## Goal of the exercise
Give the data back exactly. Leave out any images.

## Given records
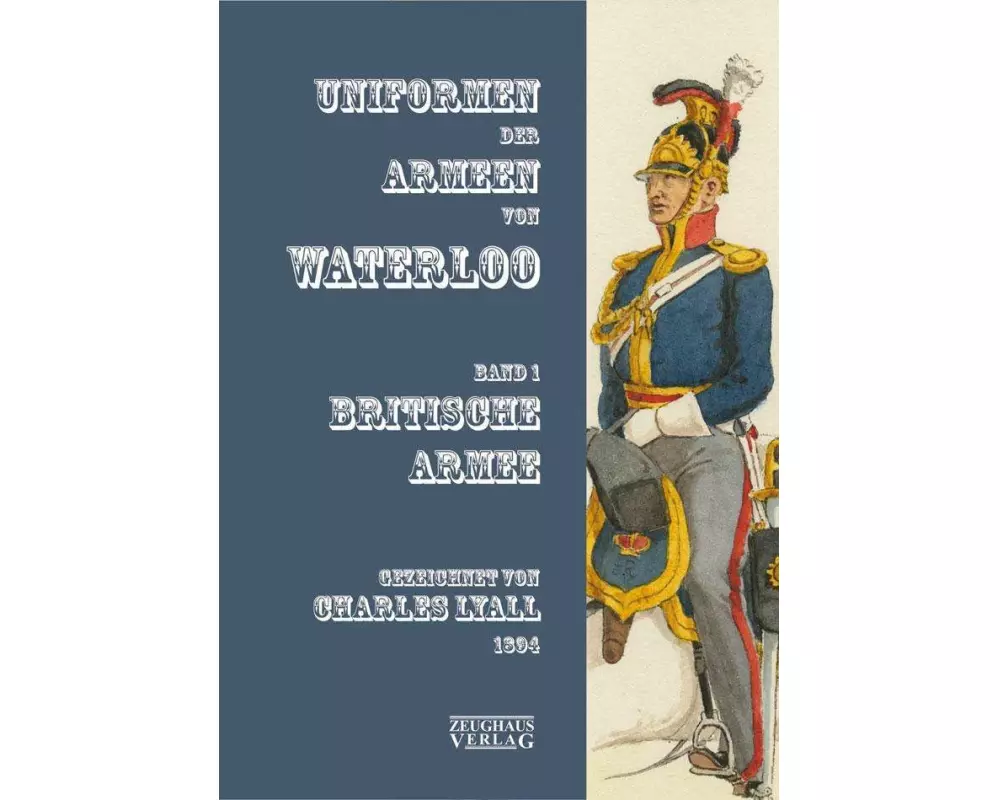 Uniformen der Armeen von Waterloo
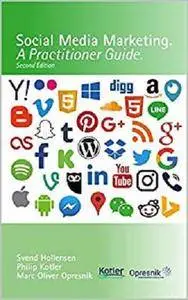 Social Media Marketing: A Practitioner Guide (Opresnik Management Guides Book 2) [Kindle Edition]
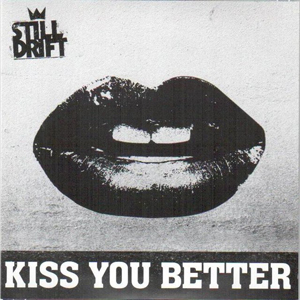 Still Drift - Kiss You Better (EP) (2010)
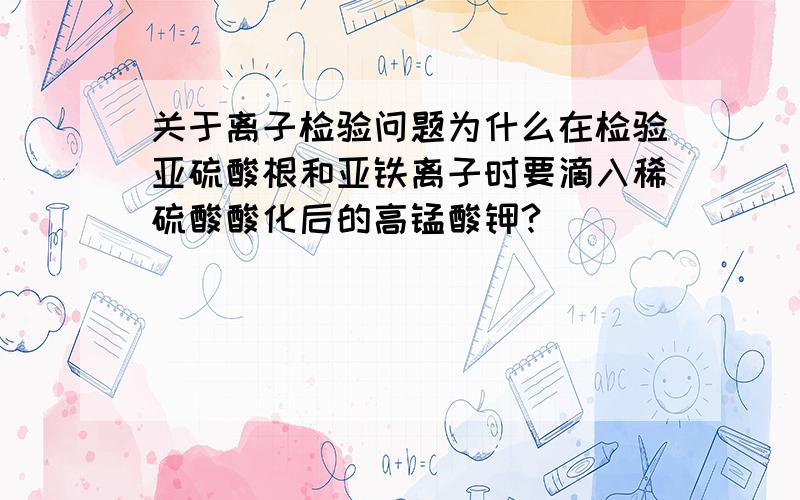 关于离子检验问题为什么在检验亚硫酸根和亚铁离子时要滴入稀硫酸酸化后的高锰酸钾?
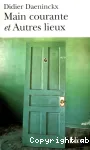 Main courante et autres lieux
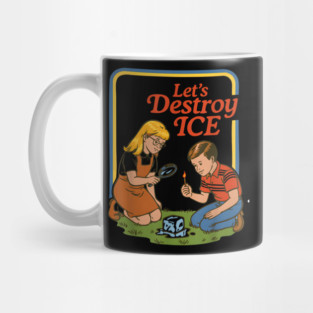 abolish-ice-let's-destroy-ice Mug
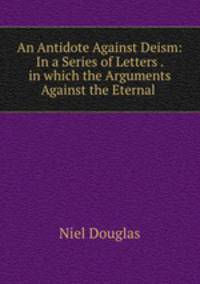 An Antidote Against Deism: In a Series of Letters . in which the Arguments Against the Eternal .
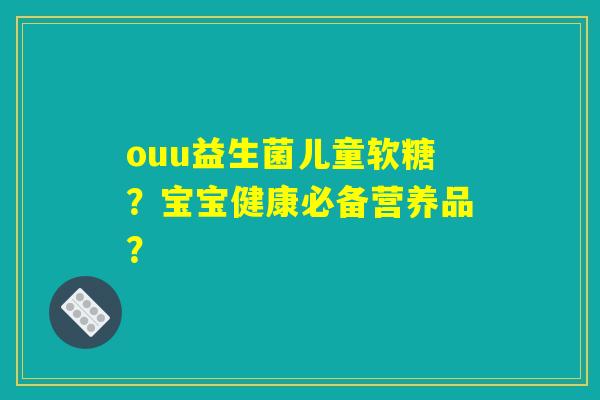 ouu益生菌儿童软糖？宝宝健康必备营养品？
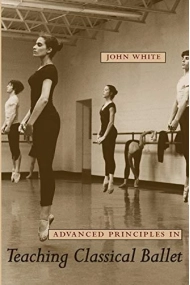 Cubierta de Advanced Principles in Teaching Classical Ballet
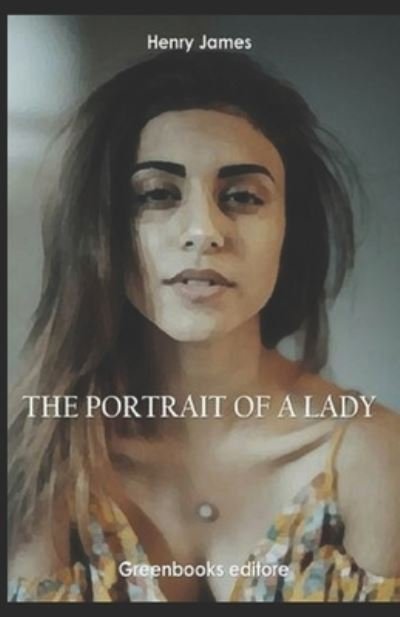 Cover for Henry James · The Portrait of a Lady: Classic Original Edition By Henry James (Annotated) (Paperback Book) (2022)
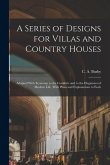 A Series of Designs for Villas and Country Houses: Adapted With Economy to the Comforts and to the Elegancies of Modern Life, With Plans and Explanati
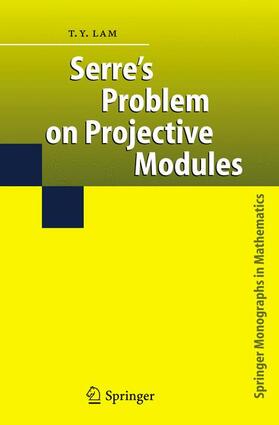 Lam |  Serre's Problem on Projective Modules | Buch |  Sack Fachmedien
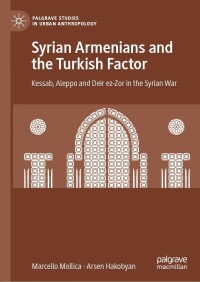 Cover image: Syrian Armenians and the Turkish Factor 9783030723187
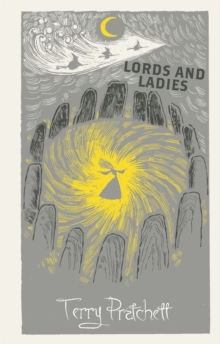 Lords and Ladies : Discworld: The Witches Collection, Hardback Book Lords and Ladies : Discworld: The Witches Collection, Hardback Book
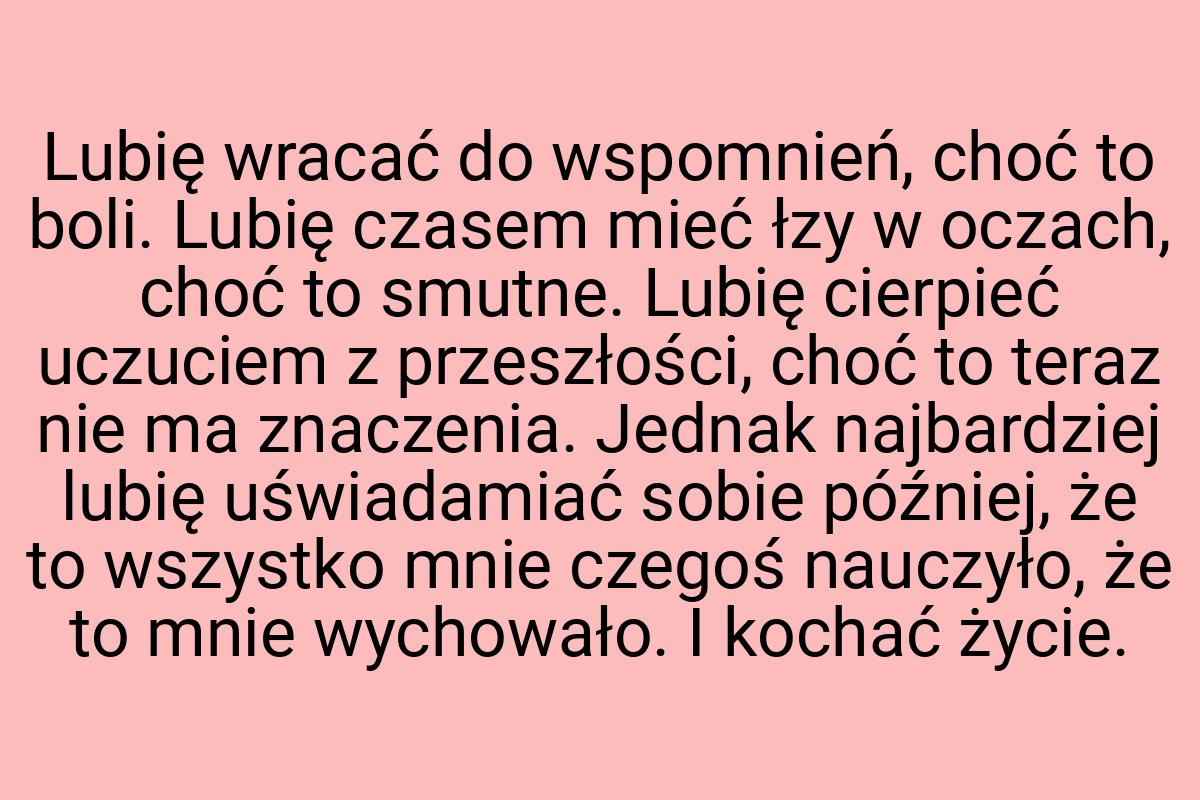 Lubię wracać do wspomnień, choć to boli. Lubię czasem mieć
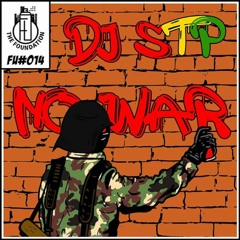 FU - 014 DJ STP - No War (VIP)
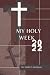 My Holy Week by Ruby Nash
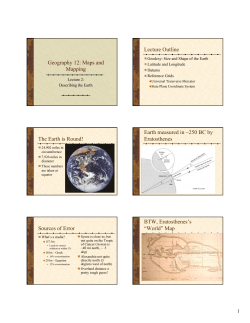 Geography 12: Maps and Mapping Lecture Outline The Earth is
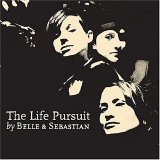 Belle and Sebastian - The Life Pursuit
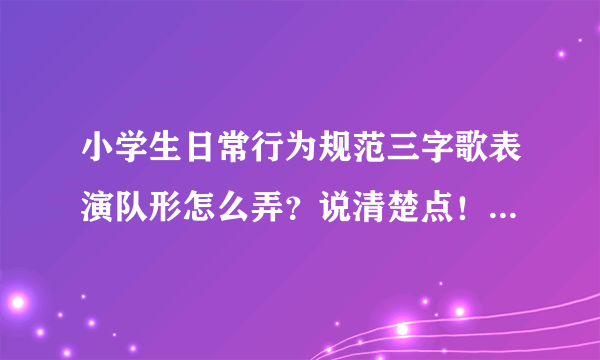 小学生日常行为规范三字歌表演队形怎么弄？说清楚点！急啊！！表演什么情景剧好啊？？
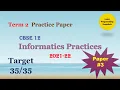 Term 2 IP Sample Paper CBSE Class 12 Informatics Practices Sample Paper 3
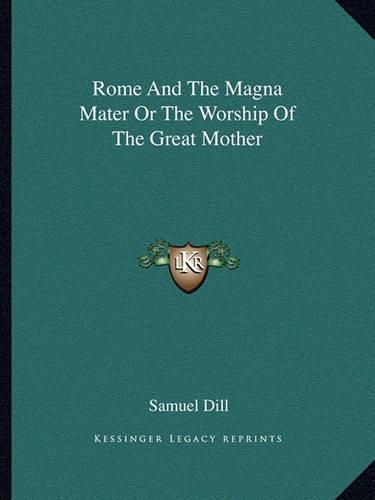 Cover image for Rome and the Magna Mater or the Worship of the Great Mother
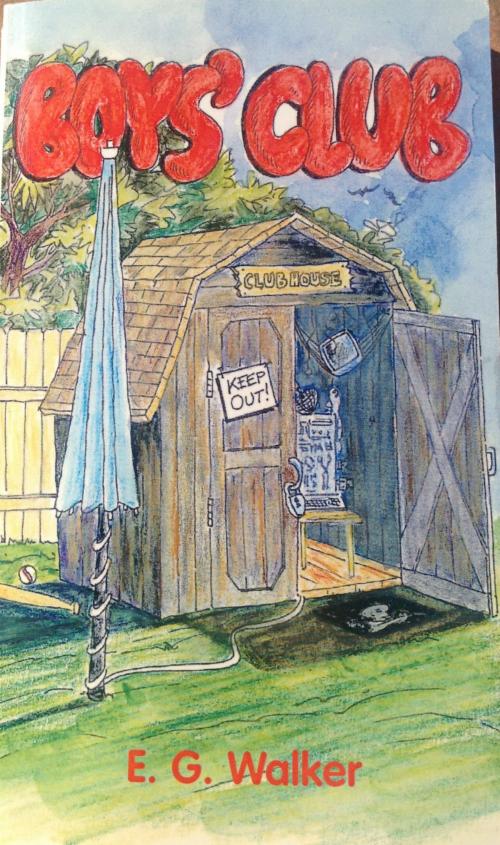 Cover of the book Boys' Club by E. G. Walker, E. G. Walker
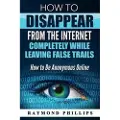Createspace Independent Publishing Platform How to Disappear From The Internet Completely While Leaving False Trails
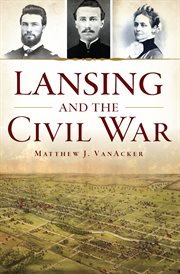 LANSING AND THE CIVIL WAR cover image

## Solution
 Uniformen der Armeen von Waterloo
 Social Media Marketing: A Practitioner Guide (Opresnik Management Guides Book 2) [Kindle Edition]
 Still Drift - Kiss You Better (EP) (2010)
 关于离子检验问题为什么在检验亚硫酸根和亚铁离子时要滴入稀硫酸酸化后的高锰酸钾?
 Main courante et autres lieux
 abolish-ice-let's-destroy-ice Mug
 An Antidote Against Deism: In a Series of Letters . in which the Arguments Against the Eternal .
 ouu益生菌儿童软糖？宝宝健康必备营养品？
 Cubierta de Advanced Principles in Teaching Classical Ballet
 Cover for Henry James · The Portrait of a Lady: Classic Original Edition By Henry James (Annotated) (Paperback Book) (2022)
 A Series of Designs for Villas and Country Houses: Adapted With Economy to the Comforts and to the Elegancies of Modern Life, With Plans and Explanati
 Lam |  Serre's Problem on Projective Modules | Buch |  Sack Fachmedien
 Cover image: Syrian Armenians and the Turkish Factor 9783030723187
 Lords and Ladies : Discworld: The Witches Collection, Hardback Book Lords and Ladies : Discworld: The Witches Collection, Hardback Book
 Lubię wracać do wspomnień, choć to boli. Lubię czasem mieć
 FU - 014 DJ STP - No War (VIP)
 My Holy Week by Ruby Nash
 Geography 12: Maps and Mapping Lecture Outline The Earth is
 Belle and Sebastian - The Life Pursuit
 小学生日常行为规范三字歌表演队形怎么弄？说清楚点！急啊！！表演什么情景剧好啊？？
 Term 2 IP Sample Paper CBSE Class 12 Informatics Practices Sample Paper 3
 Cover image for Rome and the Magna Mater or the Worship of the Great Mother
 Cover of the book Boys' Club by E. G. Walker, E. G. Walker
Createspace Independent Publishing Platform How to Disappear From The Internet Completely While Leaving False Trails
 LANSING AND THE CIVIL WAR cover image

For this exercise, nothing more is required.